/---
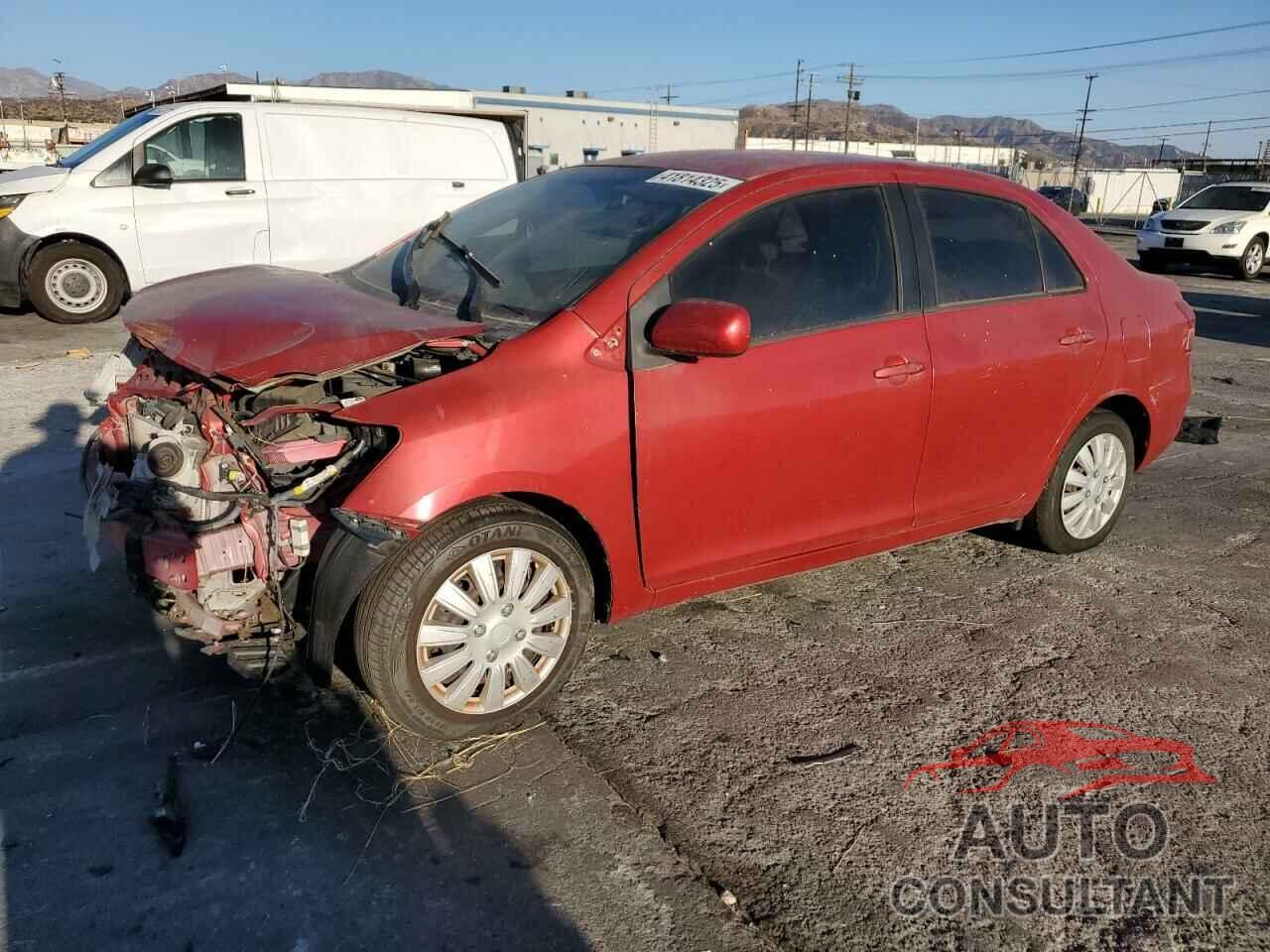 TOYOTA YARIS 2010 - JTDBT4K3XA1379955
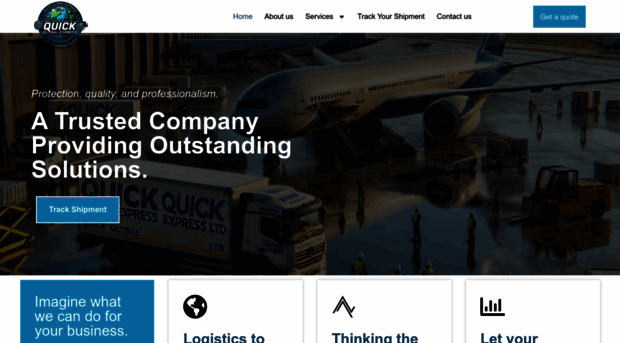 quickglobalexpress.com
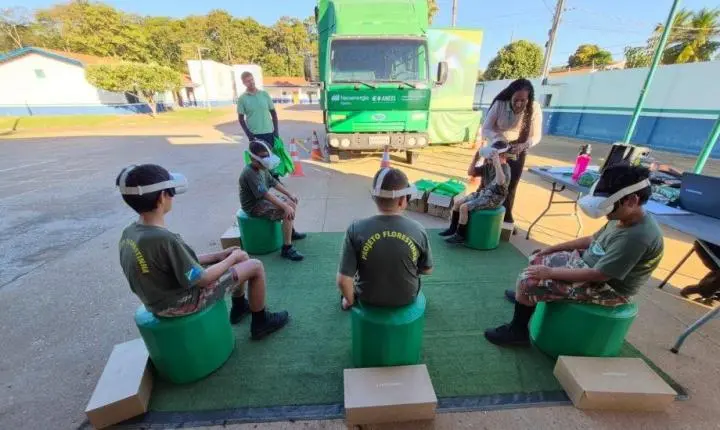 Crianças dos SCFVs da Assistência Social participam de projeto educativo sobre uso consciente da energia elétrica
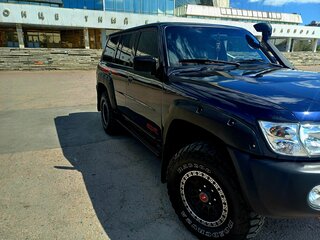 1999 Nissan Patrol V (Y61), синий, 3300000 рублей, вид 5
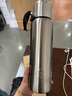 初僖堂全鋼不銹鋼保溫杯男士大容量戶(hù)外便攜水杯茶水分離杯子泡茶杯子 銀色600ml【抗菌316不銹鋼】 曬單實(shí)拍圖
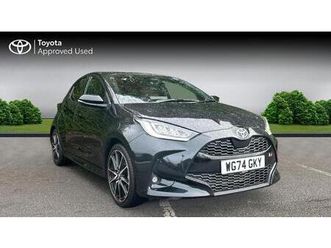 toyota yaris gr sport hatchback's 1.5 vvt-h gr sport e-cvt euro 6 (start/stop) 5dr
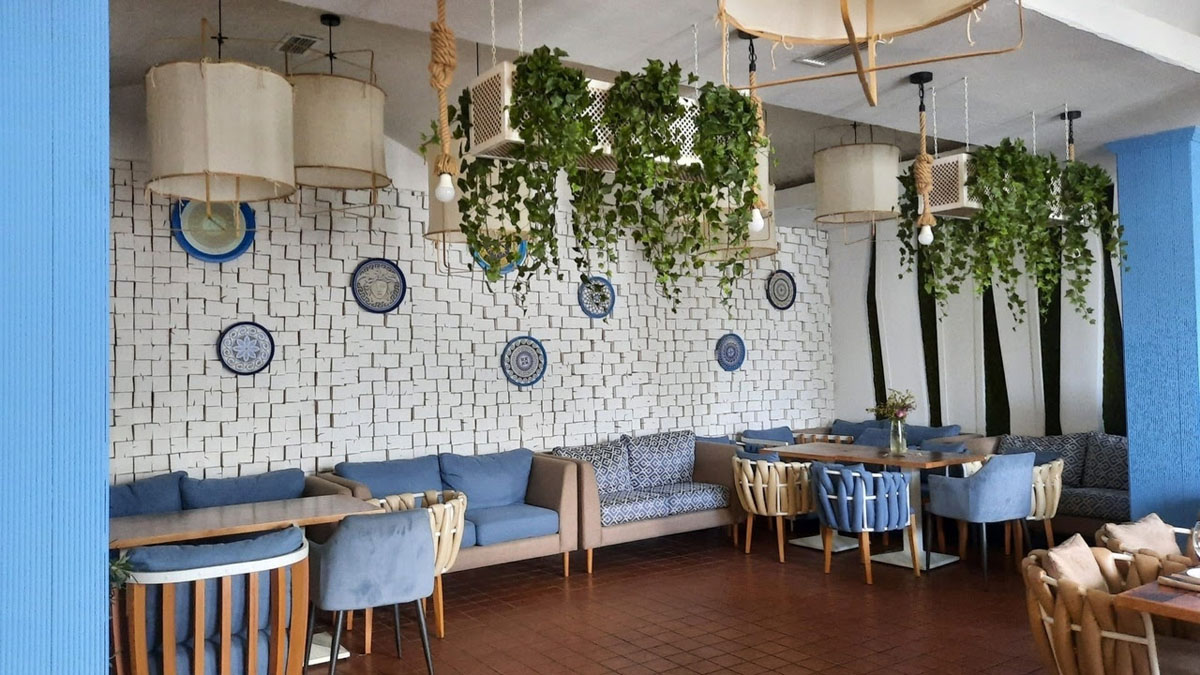 Основной зал — Greco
\---
▶ Exercise objective: Could you set down every entry again exactly as written, leaving out any pictures?

▶ Your solution:
 TOYOTA YARIS 2010 - JTDBT4K3XA1379955
 quickglobalexpress.com
 Crianças dos SCFVs da Assistência Social participam de projeto educativo sobre uso consciente da energia elétrica
 1999 Nissan Patrol V (Y61), синий, 3300000 рублей, вид 5
 初僖堂全鋼不銹鋼保溫杯男士大容量戶(hù)外便攜水杯茶水分離杯子泡茶杯子 銀色600ml【抗菌316不銹鋼】 曬單實(shí)拍圖
 toyota yaris gr sport hatchback's 1.5 vvt-h gr sport e-cvt euro 6 (start/stop) 5dr
 Основной зал — Greco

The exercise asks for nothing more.